## EXERCISE DESCRIPTION
Repeat exactly the lines below from the line that contains "The next item" to the last line, inclusive, without the pictures.

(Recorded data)

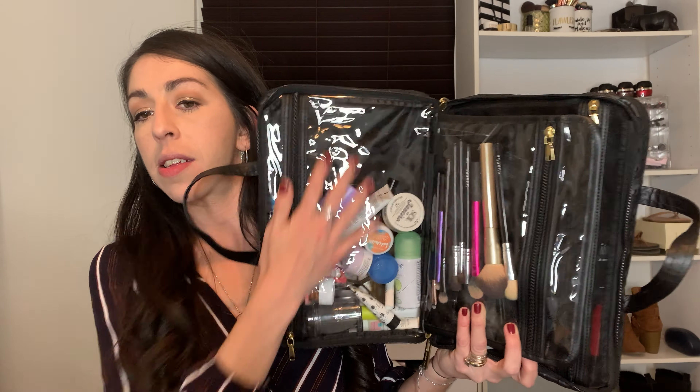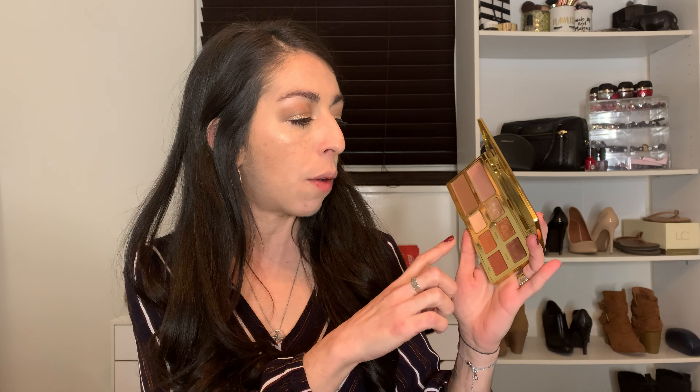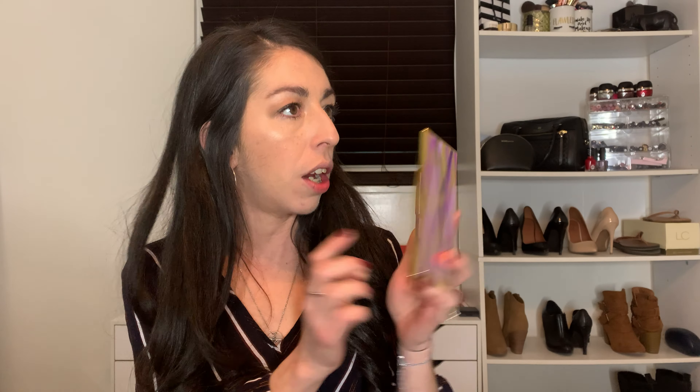Look how pretty this is. This is from Tartan Entwine. I found this at Target and I love this. I love the black, I love the gold hardware, I love the fact that you have a nice little handle. They had white, purple, brown, black, I think a blue, but I super loved this.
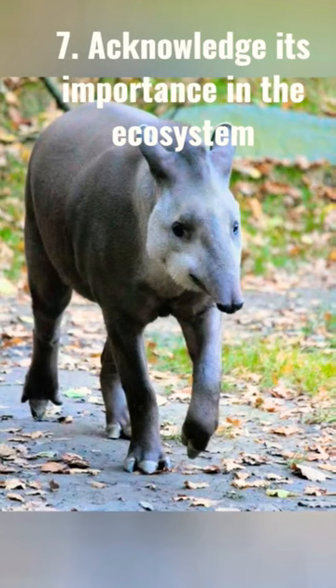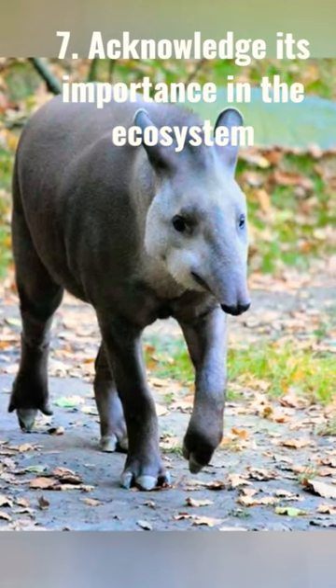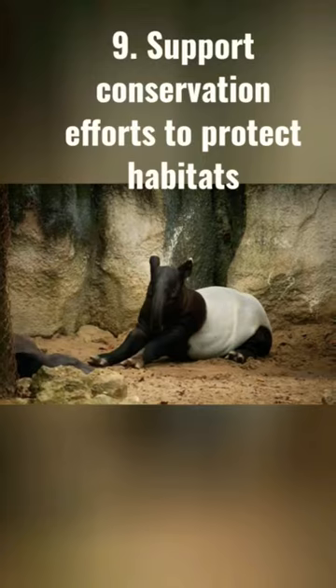6. Observe its mother's care of the calf. 7. Acknowledge its importance in the ecosystem. 8. Realize threats from habitat loss and hunting.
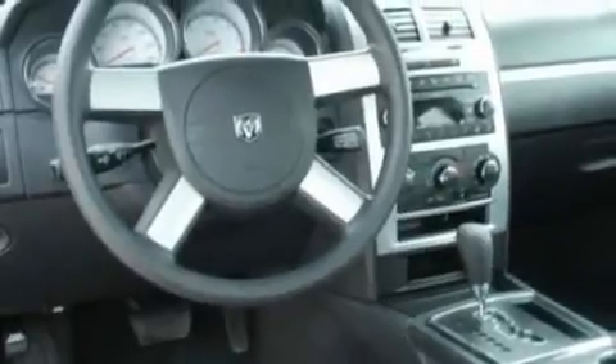The adjustable driver pedals are a great feature. They allow you to tailor the position of the foot pedals, moving them closer and higher to perfect your control over the vehicle.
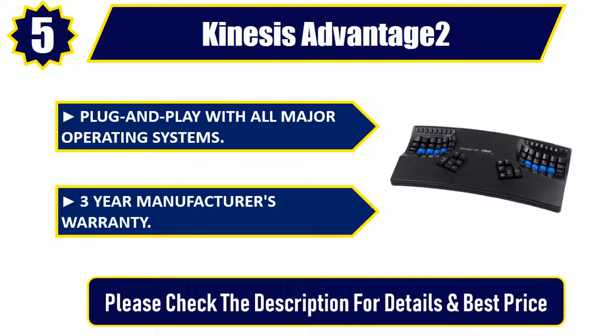3-Year Manufacturer's Warranty. Please check the description for details and best price. Number 4.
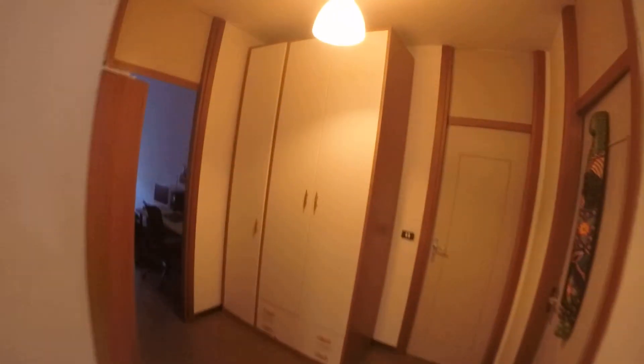Bedroom number two is occupied and we will not see it. We have other wardrobes here in the corridor. There is also a closet here and these wardrobes in the corridor.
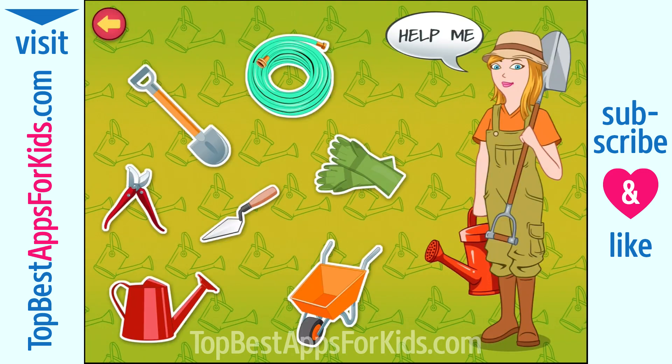Hi! My name is Miss Fern. I'm a gardener. I mow the lawn, plant trees, and grow different kinds of flowers. Do you like to look after plants, too? Tap the item on the screen to know more about my gardening tools.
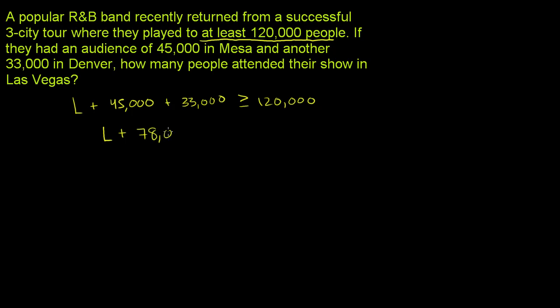So L plus 78,000 is going to be greater than or equal to 120,000. Now to isolate L on the left-hand side of the inequality, we can subtract 78,000 from both sides — minus 78,000.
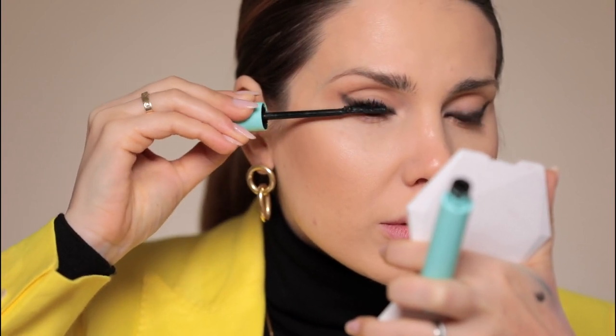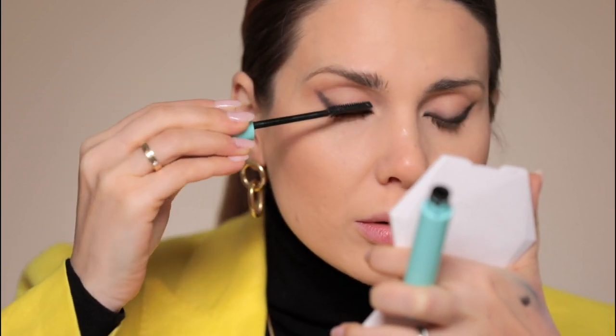Mascara. Then tinted eyebrow gel — this is the Gimme Brow — because I feel like I've already spent quite a lot on the eyes, so I don't want to spend another minute doing my eyebrows. For the lips I will apply this Dear Dahlia, which is a Korean brand. It's a super comfortable formula. I'll write the color in the description box because it's written too small.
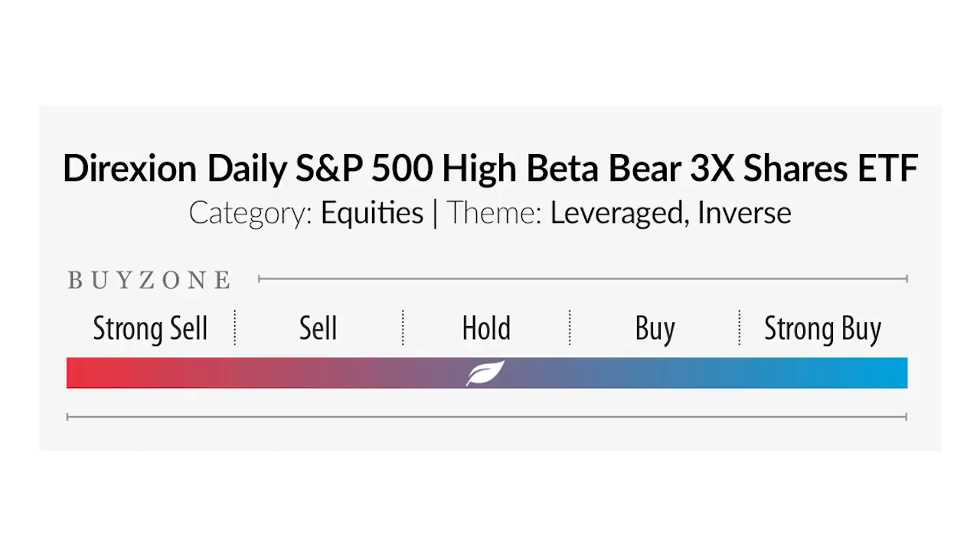Today's stock was recommended by one of you YouTube users — you asked what we think about HIBS. To be honest, I did not know that ticker symbol off the top of my head. Turns out HIBS is the S&P 500 Direction Daily 3x Leveraged Inverse ETF — ETF meaning exchange traded fund.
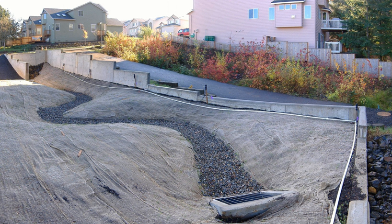Bioswales are landscape elements designed to concentrate or remove debris and pollution out of surface runoff water. They consist of a swaled drainage course with gently sloped sides less than 6% and filled with vegetation, compost, and/or riprap. The water's flow path, along with the wide and shallow ditch, is designed to maximize the time water spends in the swale, which aids the collection and removal of pollutants, silt, and debris.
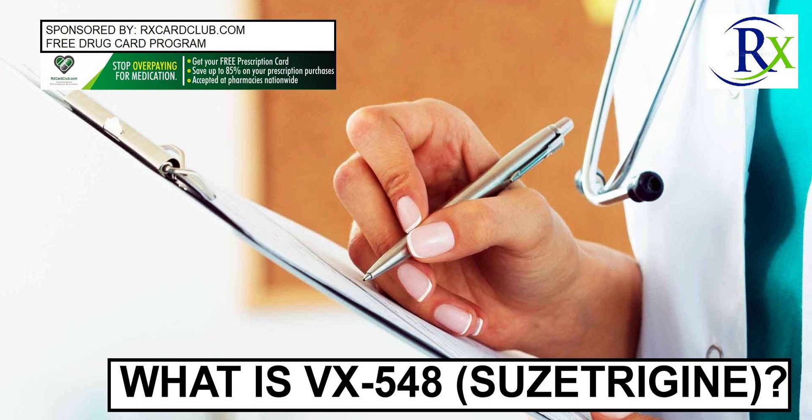What is VX548 (Suzetrigine)? VX548, Suzetrigine, is an experimental analgesic, or pain-relieving medicine, that works by selectively blocking an ion channel called Nav1.8. It is currently undergoing investigational trials to assess its ability to relieve moderate to severe acute pain or peripheral neuropathic pain.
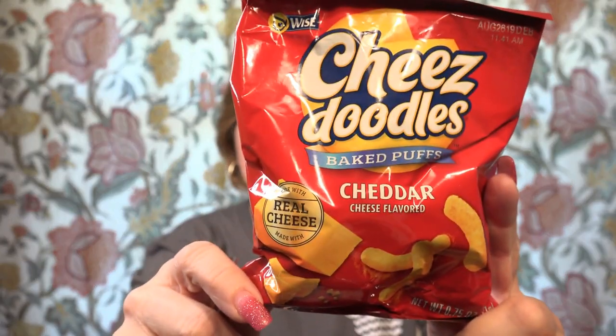The next item is Cooper Street chocolate cherry granola cookie bakes — chocolate and cherry. I'm not sure about that one; I may see if one of the grandbabies wants to try it. And these are cheese doodles — baked puffs cheddar by the Wise brand. I love pretty much any snacks that have cheese in them, so I look forward to trying those.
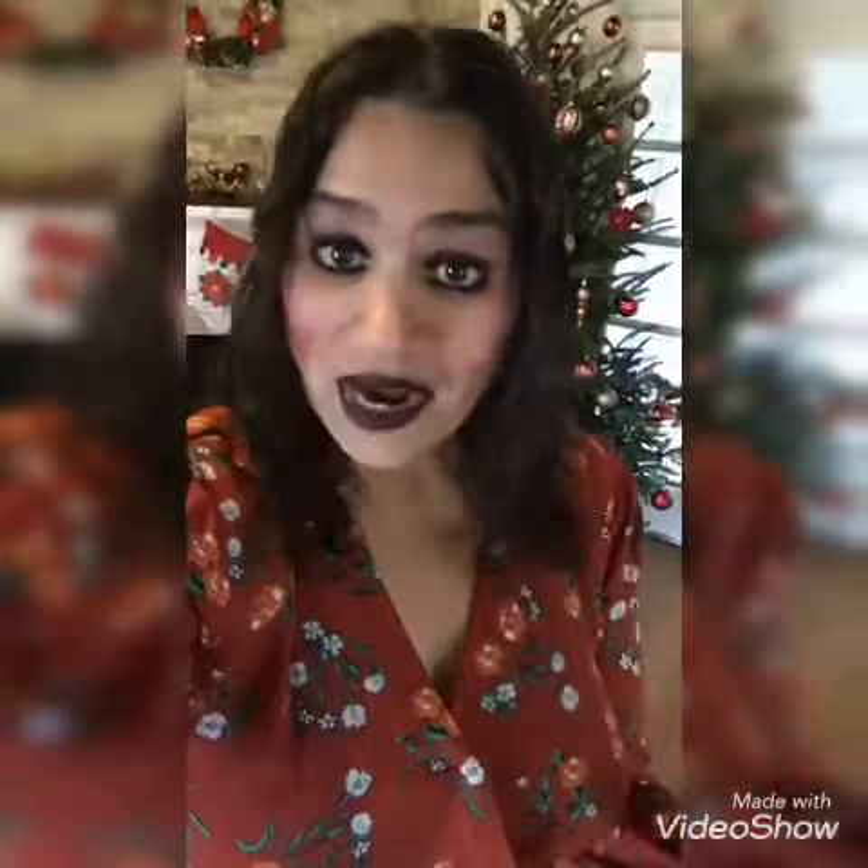Hey guys, welcome back to my channel. Today I wanted to show you my outfit of the day and some progress pictures, because it's been a while since I've done it in a video form and shown you guys a new outfit.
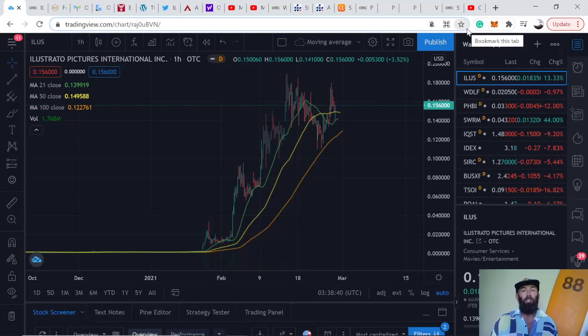Hey guys, welcome back to the channel. This video we're looking at four epic OTC penny stocks that are really high quality in my opinion. With the crackdown from FINRA and the SEC starting to delist OTC stocks that don't have any filings or any websites, it's important to do your research and choose really decent stocks. Any companies that aren't going pink current by September will be delisted.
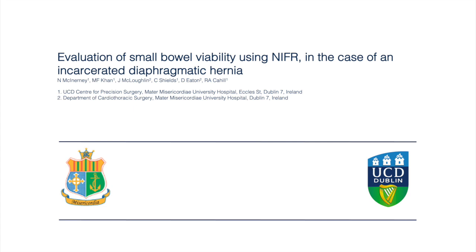This video illustrates the emergency per-operative near-infrared fluorescence assessment of small bowel viability in a case of an incarcerated diaphragmatic hernia.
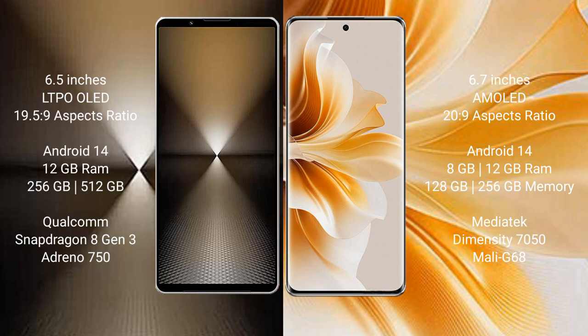The Sony Xperia 1 Mark 6 comes with 12GB RAM and 512GB or 1TB internal storage, powered by a Qualcomm Snapdragon 8 series processor with an Adreno 750 GPU.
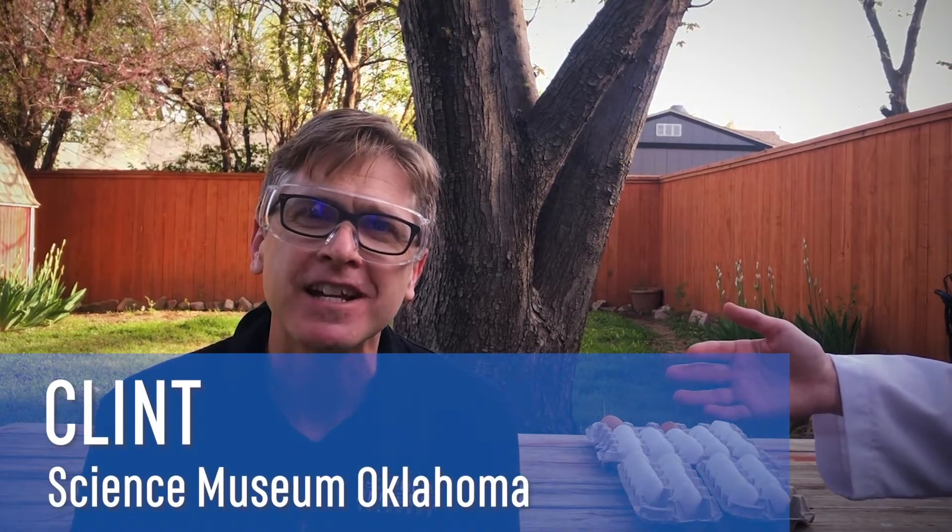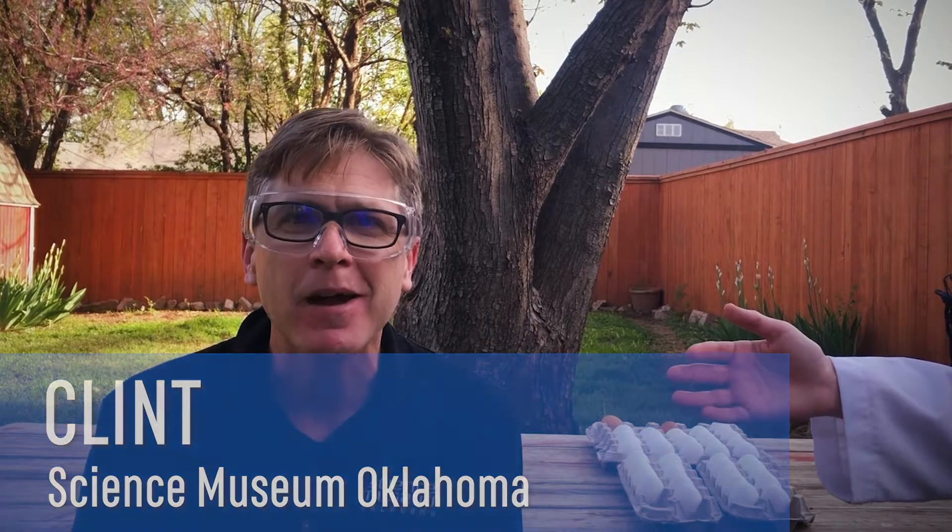Hi, it's Clint with Science Museum Oklahoma. I'm in my backyard and as you can see I have a friend with me — Muscles. You normally don't see Muscles because he's behind the camera, but today he's helping me out. He's called Muscles because he's incredibly strong, and speaking of strong, there's something else that's incredibly strong.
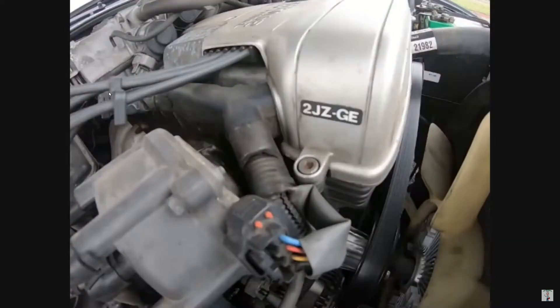I said, shut up and take my money! Who buys a car just because of the engine? I do. This engine is famous.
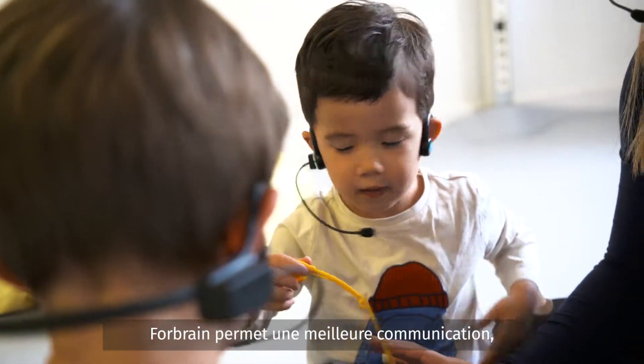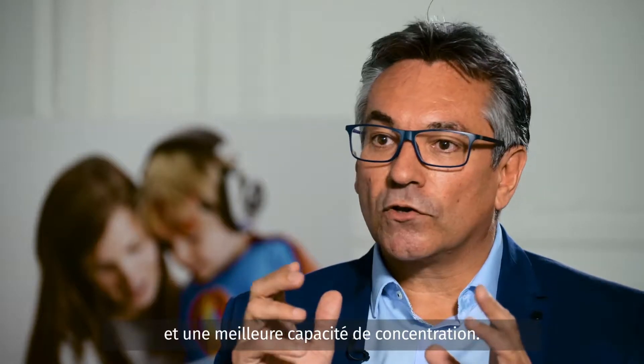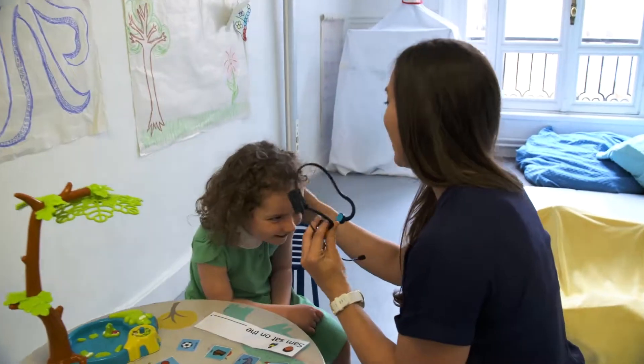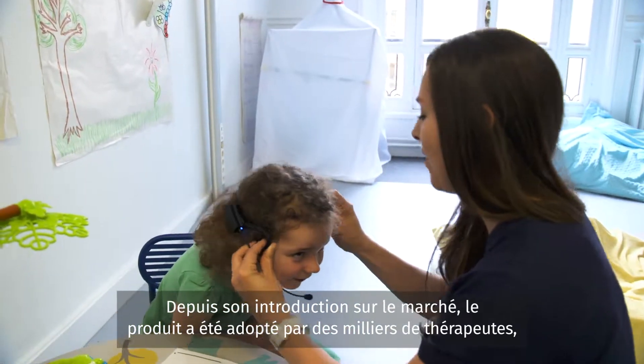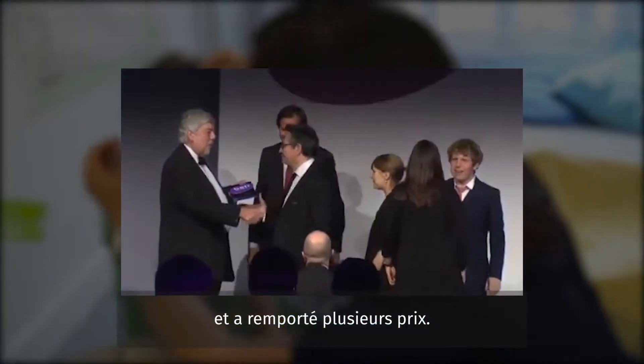4Brain brings clearer speech quality and rhythm, better listening skills, and greater focus and concentration. Since its introduction, the product has been endorsed by thousands of therapists and has won several awards.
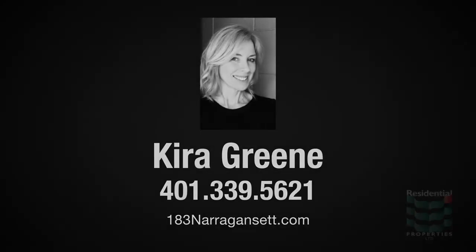For more information please visit the property website or contact Kiera Green at area code 401-339-5621.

## OUTPUT OF THE TASK
The next item is Cooper Street chocolate cherry granola cookie bakes — chocolate and cherry. I'm not sure about that one; I may see if one of the grandbabies wants to try it. And these are cheese doodles — baked puffs cheddar by the Wise brand. I love pretty much any snacks that have cheese in them, so I look forward to trying those.
Hey guys, welcome back to my channel. Today I wanted to show you my outfit of the day and some progress pictures, because it's been a while since I've done it in a video form and shown you guys a new outfit.
Hey guys, welcome back to the channel. This video we're looking at four epic OTC penny stocks that are really high quality in my opinion. With the crackdown from FINRA and the SEC starting to delist OTC stocks that don't have any filings or any websites, it's important to do your research and choose really decent stocks. Any companies that aren't going pink current by September will be delisted.
This video illustrates the emergency per-operative near-infrared fluorescence assessment of small bowel viability in a case of an incarcerated diaphragmatic hernia.
The Sony Xperia 1 Mark 6 comes with 12GB RAM and 512GB or 1TB internal storage, powered by a Qualcomm Snapdragon 8 series processor with an Adreno 750 GPU.
Hi, it's Clint with Science Museum Oklahoma. I'm in my backyard and as you can see I have a friend with me — Muscles. You normally don't see Muscles because he's behind the camera, but today he's helping me out. He's called Muscles because he's incredibly strong, and speaking of strong, there's something else that's incredibly strong.
I said, shut up and take my money! Who buys a car just because of the engine? I do. This engine is famous.
4Brain brings clearer speech quality and rhythm, better listening skills, and greater focus and concentration. Since its introduction, the product has been endorsed by thousands of therapists and has won several awards.
For more information please visit the property website or contact Kiera Green at area code 401-339-5621.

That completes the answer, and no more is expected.